• [Instructions to follow] Reproduce, exactly and in full, the lines from the one with "Blue Handloom Maheswari" through the one with "Washed Paneled Denim Hooded Jacket" in the data below; drop pictures.

Given data Start Marker

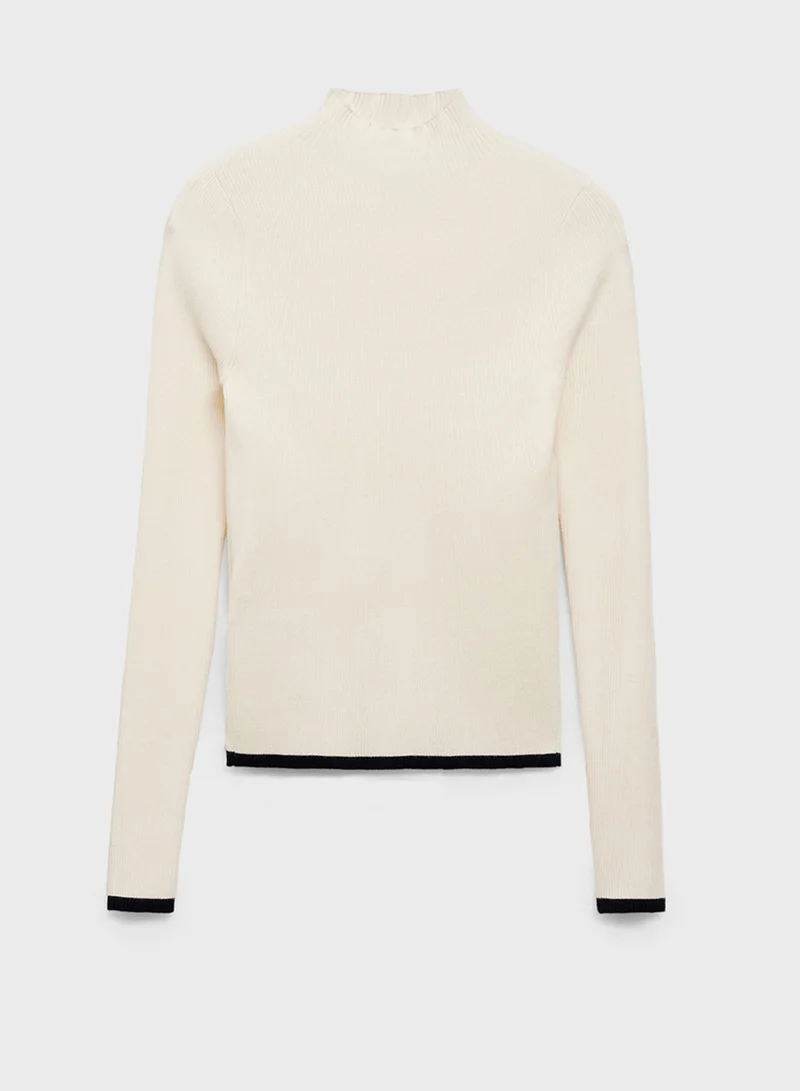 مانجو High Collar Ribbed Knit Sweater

Given data End Marker
Given data Start Marker

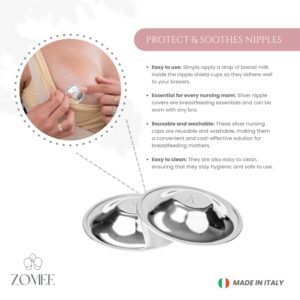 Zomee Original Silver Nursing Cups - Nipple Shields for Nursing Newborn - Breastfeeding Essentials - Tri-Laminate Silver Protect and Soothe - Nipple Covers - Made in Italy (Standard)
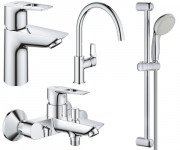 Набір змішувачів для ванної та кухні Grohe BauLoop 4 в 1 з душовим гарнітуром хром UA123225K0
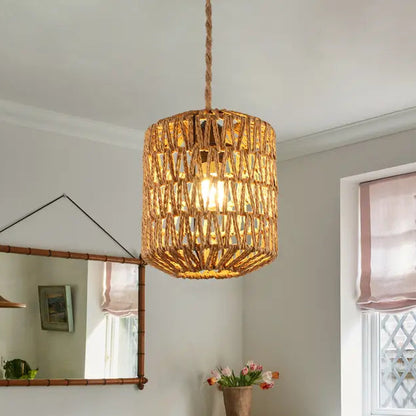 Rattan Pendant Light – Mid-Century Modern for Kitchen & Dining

Given data End Marker
Given data Start Marker

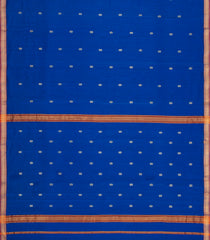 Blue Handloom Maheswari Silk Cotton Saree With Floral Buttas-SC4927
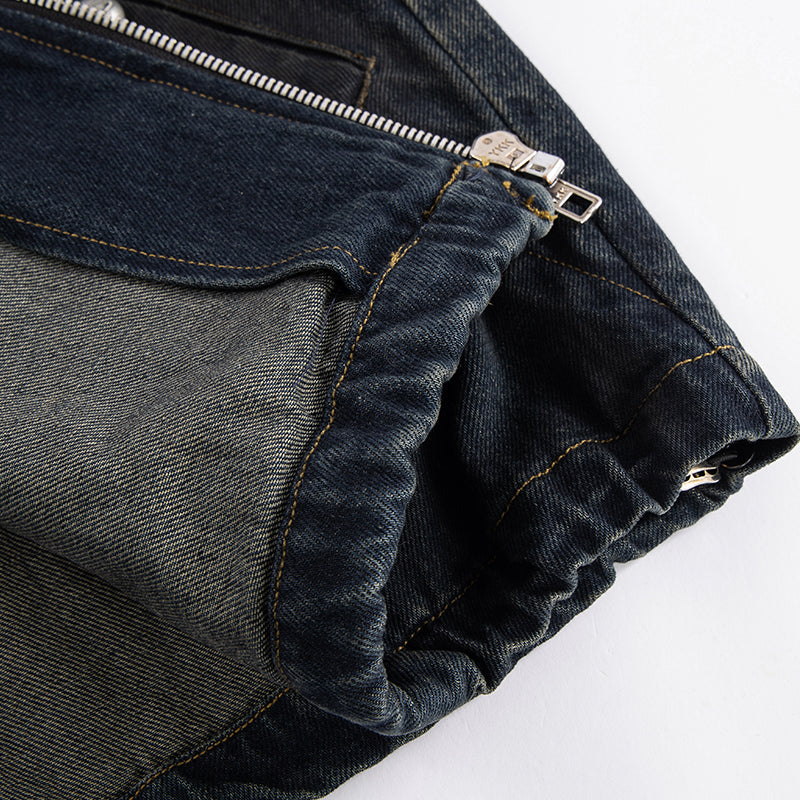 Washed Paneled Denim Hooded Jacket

Given data End Marker

• [Reply]
 Blue Handloom Maheswari Silk Cotton Saree With Floral Buttas-SC4927
 Washed Paneled Denim Hooded Jacket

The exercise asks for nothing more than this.